▶ _EXERCISE DATA_
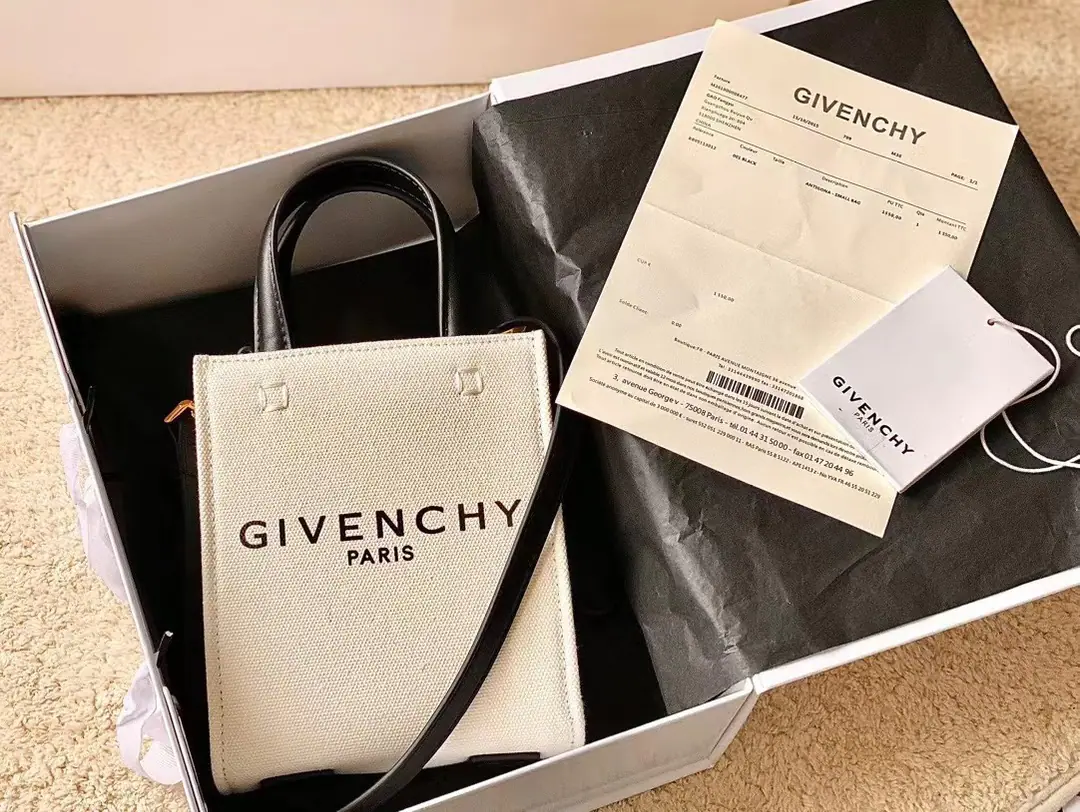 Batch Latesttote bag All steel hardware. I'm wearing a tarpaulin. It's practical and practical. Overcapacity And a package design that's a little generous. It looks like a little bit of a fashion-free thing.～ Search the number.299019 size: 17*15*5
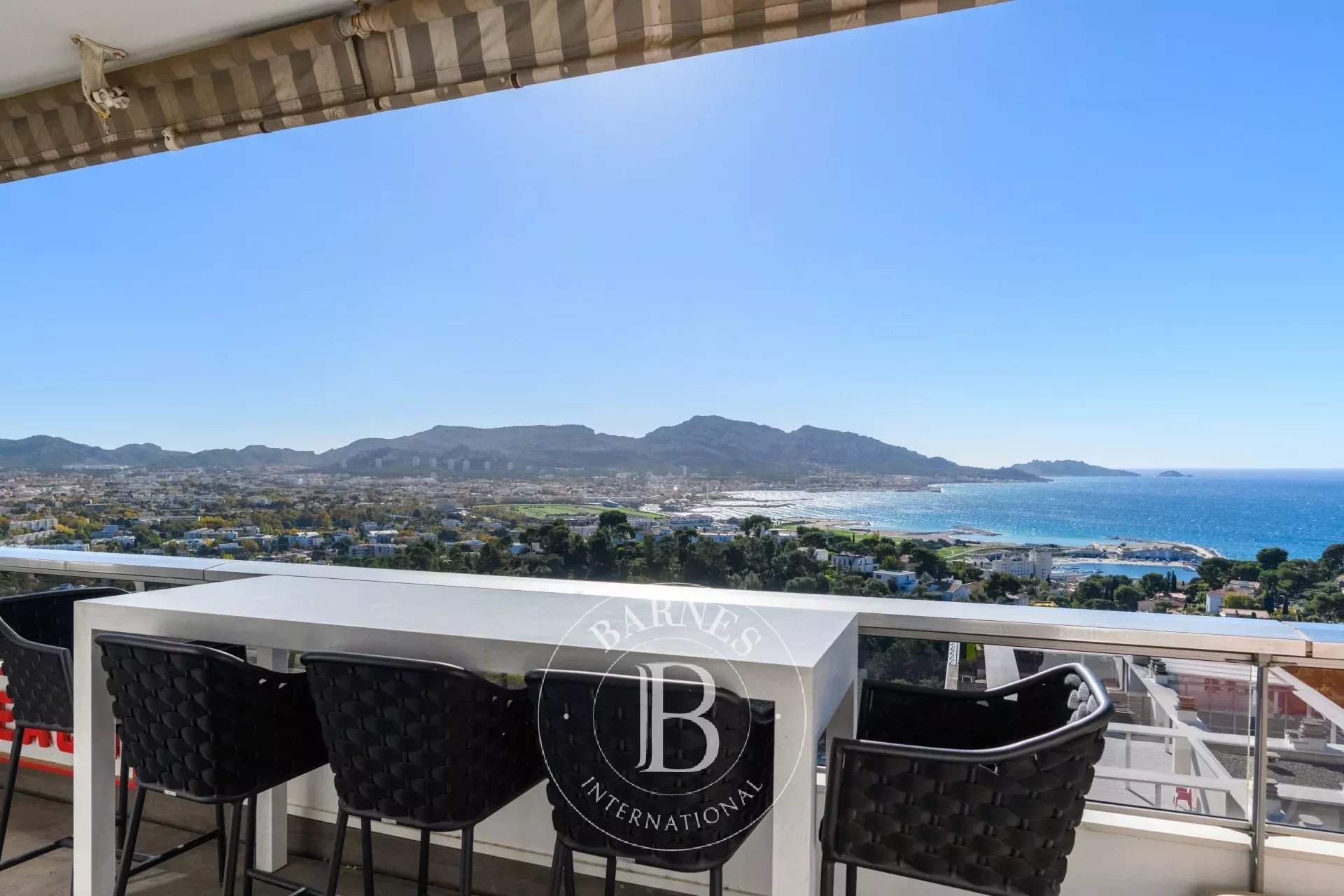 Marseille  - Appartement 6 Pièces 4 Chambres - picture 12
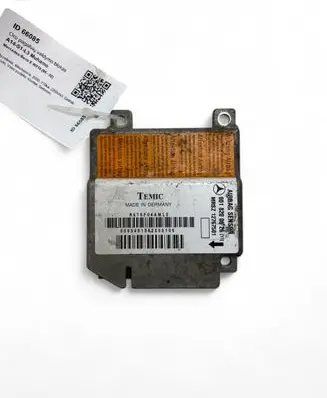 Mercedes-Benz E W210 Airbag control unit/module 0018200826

▶ _WORK TO COMPLETE_
Write out, exactly and only, the lines from the one containing "- picture 12" through the last line of the material above. Pictures do not go in the copy.

▶ _ANSWER TO THIS EXERCISE_
 Marseille  - Appartement 6 Pièces 4 Chambres - picture 12
 Mercedes-Benz E W210 Airbag control unit/module 0018200826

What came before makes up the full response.